His wise minister, Sujan, then advised him to marry Princess Heamaiti of Baidame. She became his fifteenth queen, and soon they were blessed with a baby girl. The king was overjoyed and called a soothsayer named Jaishi to predict the child’s future. But Jaishi, bribed by the jealous queens, declared that the baby would bring misfortune to the king and the kingdom. Fearing disaster, the king was persuaded to abandon the newborn. He ordered a goldsmith to make a golden trunk, placed the baby inside, and had it floated down the river.

Downstream, two villagers named Malare and Kumale found the golden trunk while fishing. Inside was the beautiful baby girl. They divided their find—Malare took the trunk, and Kumale took the baby.
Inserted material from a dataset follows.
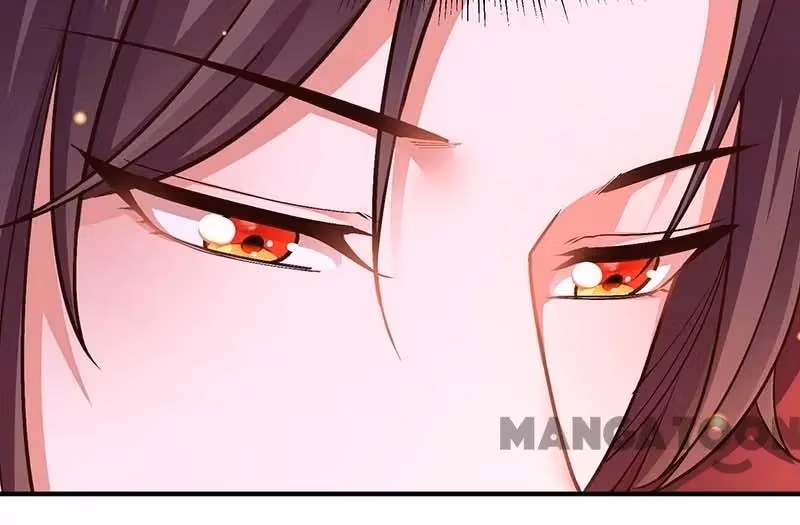 Read The Emperor’s Celestial Consort chapter 110 image 1 on Lezhin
Childless and kind, Kumale and his wife raised her with love and named her Sunrupa, meaning “golden-faced.”

Sixteen years later, during a hunting trip, King Jayasinge met the grown-up Sunrupa and was struck by her beauty, not knowing she was his own daughter. When he tried to marry her, she stopped him, revealing the truth. Shocked, the king realized his mistake and joyfully welcomed his long-lost daughter, now known as Queen Sorathi, back to the palace. The deceitful soothsayer was punished and banished from the kingdom.